Source: WGBH Educational Foundation
In this interactive activity developed for Teachers' Domain, learn about chemical bonding. Click on the tabs to see animations of how pairs of elements in the periodic table bond together. Learn about the role of valence shell electrons and attractive forces in three types of chemical bonds: covalent, ionic, and metallic.
Atoms can join together with chemical bonds to form molecules. Molecules composed of two or more different elements are known as compounds. Properties of the resulting compound, such as melting point and electrical conductivity, depend on the attractive forces between the atoms and the resulting bonds that form.
According to the atomic model, electrons orbit the nucleus at specific energy levels, or shells. Electrons in the outermost shell, known as valence electrons, are involved in chemical bonding. Atoms are more stable when their outer shell is filled; they therefore tend to lose, gain, or share electrons to complete their outer shells. Three common types of chemical bonds—covalent, ionic, and metallic—result from the way in which valence electrons shift to fill the outer shells.
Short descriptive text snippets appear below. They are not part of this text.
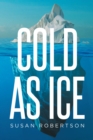 Cold as Ice - eBook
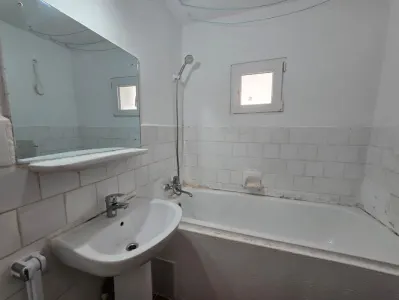 Apartament 2 camere decomandat,  Cug, geam la baie - foto 8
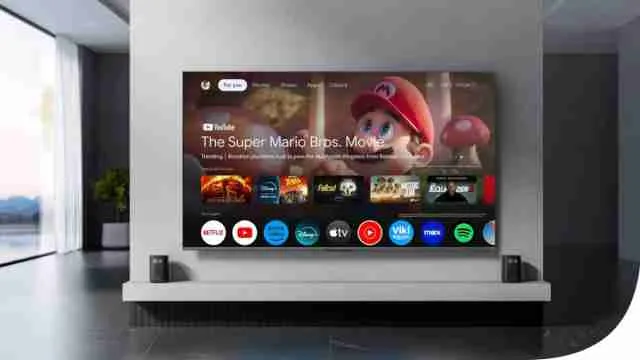 5 Best-Rated VW Smart TVs: Top Picks for Affordable Entertainment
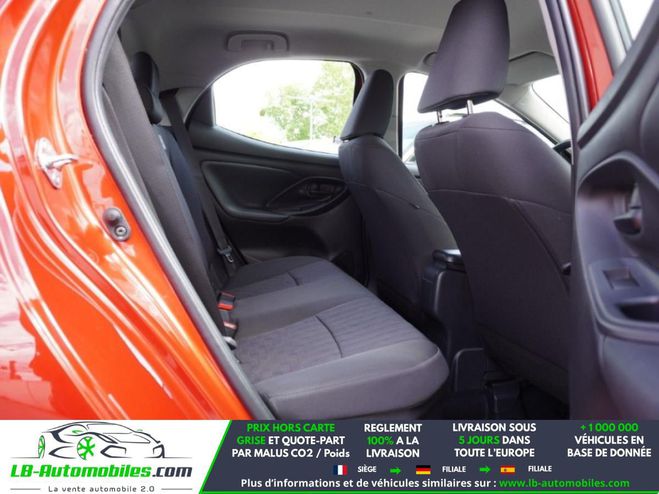 Mazda 2 1.5L e-SKYACTIV G M Hybrid 115ch Rouge M�tallique de 2024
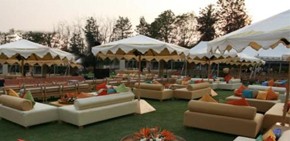taj Hotel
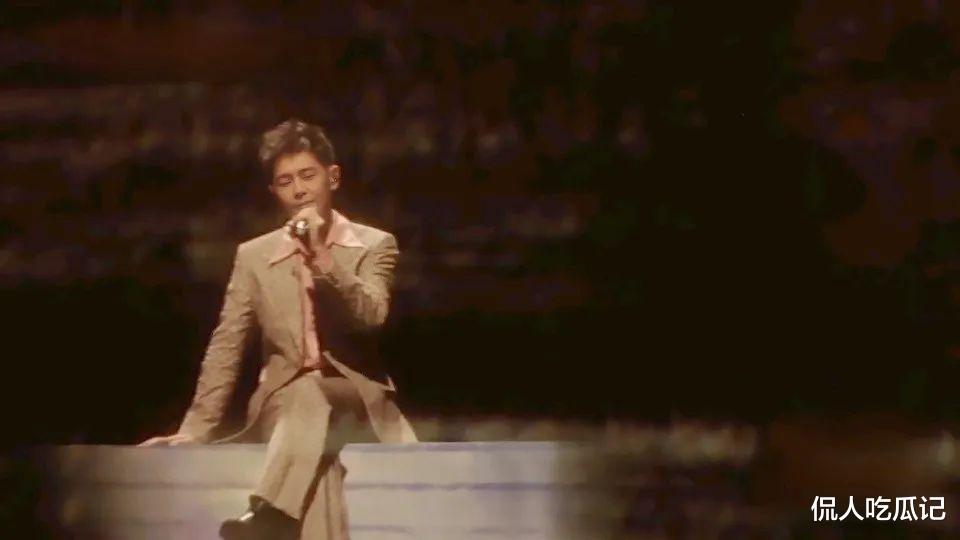 披哥3三公舞台上:林志颖组尴尬,胡彦斌组开挂,陈楚生组太让人失望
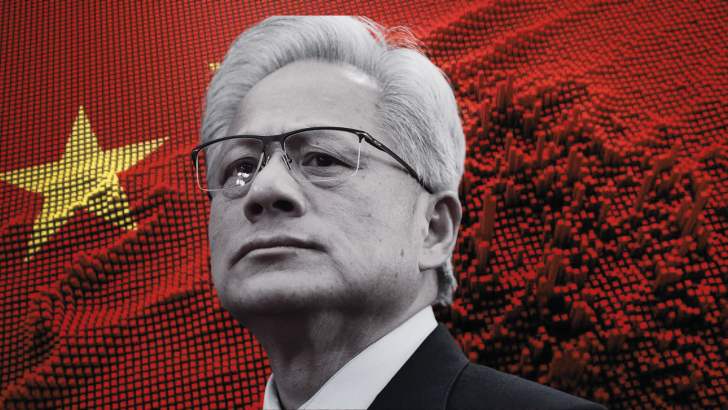 Η «Πρόσφατη» έγκριση Chip AI H200 της NVIDIA στην Κίνα φέρνει περισσότερους περιορισμούς από τις ευκαιρίες κάτω από τα νέα, πιο σκληρά προστατευτικά κιγκλιδώματα Η «Πρόσφατη» έγκριση Chip AI H200 της NVIDIA στην Κίνα φέρνει περισσότερους περιορισμούς από τις ευκαιρίες κάτω από τα νέα, πιο σκληρά προστατευτικά κιγκλιδώματα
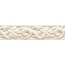 Ceramiche Grazia Essenze С000396031 VO200_Voluta6X26Primula Dekor 6x26 cm, Itálie - fotografie 1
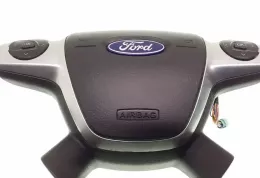 AM5T14K147BA подушки безпеки Airbag на кермі Ford C-MAX II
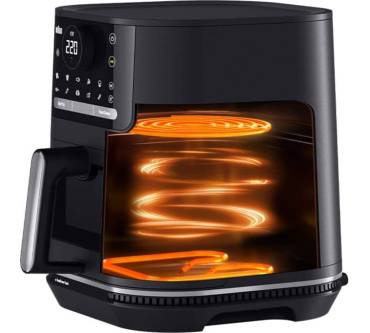 Produktbild Braun MultiFry 5 HF 5055I BK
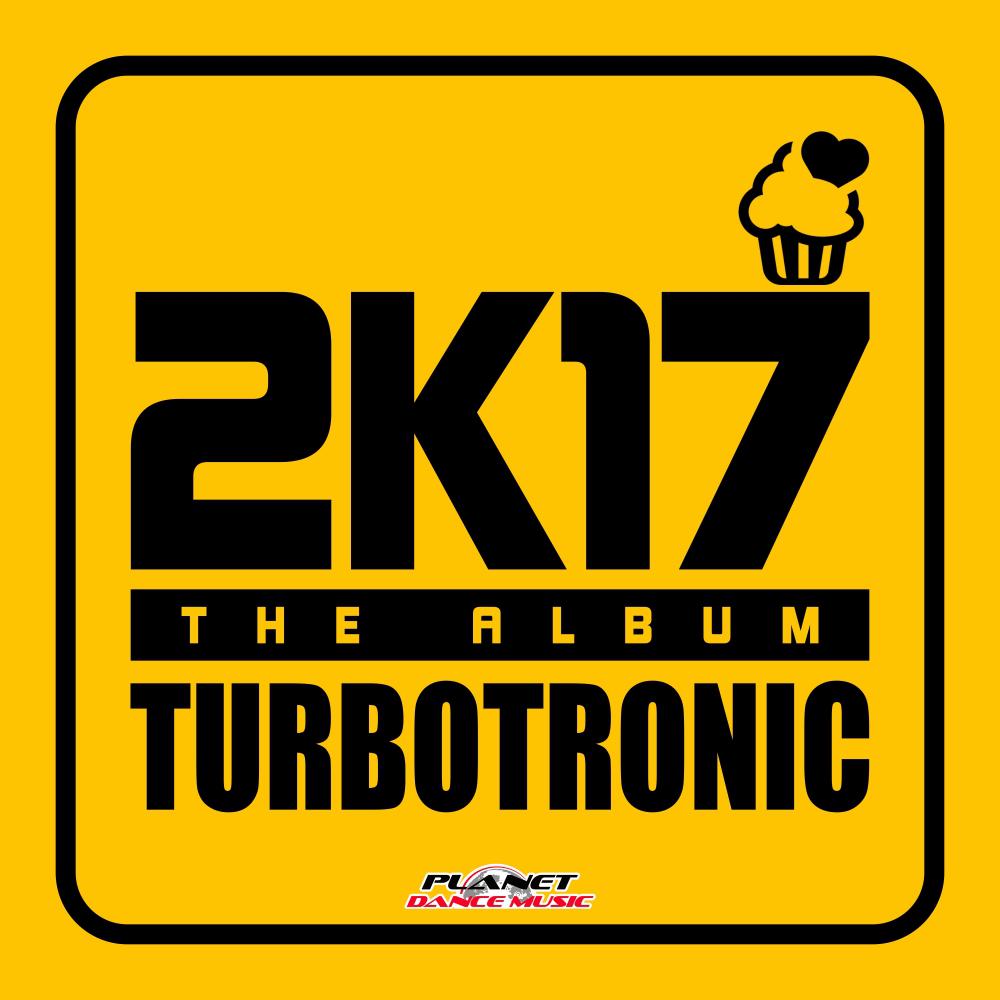 2K17 Album专辑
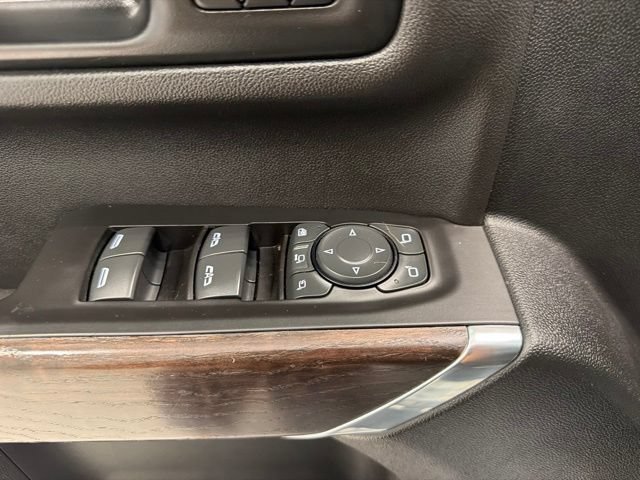 2021 GMC Sierra 2500 Denali HD Denali - Photo 20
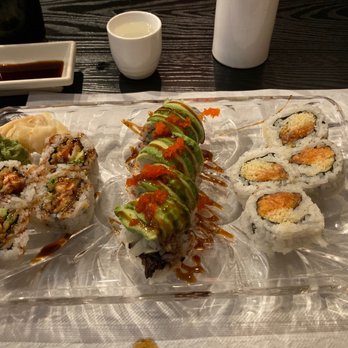 Mito Sushi & Grill - Happy hour sushi rolls ! - Sushi Bars Near Me - Orlando, Florida Mito Sushi & Grill - Happy hour sushi rolls ! - Sushi Bars Near Me - Orlando, Florida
A single atom is held together by the attraction between the protons in the nucleus and the orbiting electrons. When two atoms approach each other, each nucleus also attracts the other atom's electrons. In a covalent bond, both atoms "fight for" the other atom's electrons, though neither one succeeds. Forces hold the atoms in a position where they are effectively stuck together and bonded through their shared valence electrons.
In an ionic bond, electrons transfer from one atom to another. Some elements have outer shells that are almost empty; these elements tend to lose their electrons. Other elements have outer shells that are mostly full; these elements tend to hold on to their electrons and attract electrons from other atoms. When an atom gains electrons, a negatively charged atom—a negative ion—is created. Conversely, when an atom loses electrons, a positive ion is created. The oppositely charged ions attract one another, creating an ionic bond.
In a metallic bond, one or more of the outer electrons of the atoms are "delocalized." In other words, the electrons are free to move around all the atoms involved, surrounding the atoms with a cloud of valence electrons. The strong attraction between the electron cloud and the positively charged atoms binds the atoms together, creating a metallic bond.
The physical properties of compounds are related to the nature of their chemical bonds. For instance, both ionic and metallic compounds tend to have high melting points—in the case of ionic bonds this is due to the strong force between positive and negative ions; with metallic bonds it is because of the strong attraction between the electron cloud and positively charged atoms. On the other hand, because the forces between molecules in covalent compounds are relatively weak, covalent compounds generally have low melting points.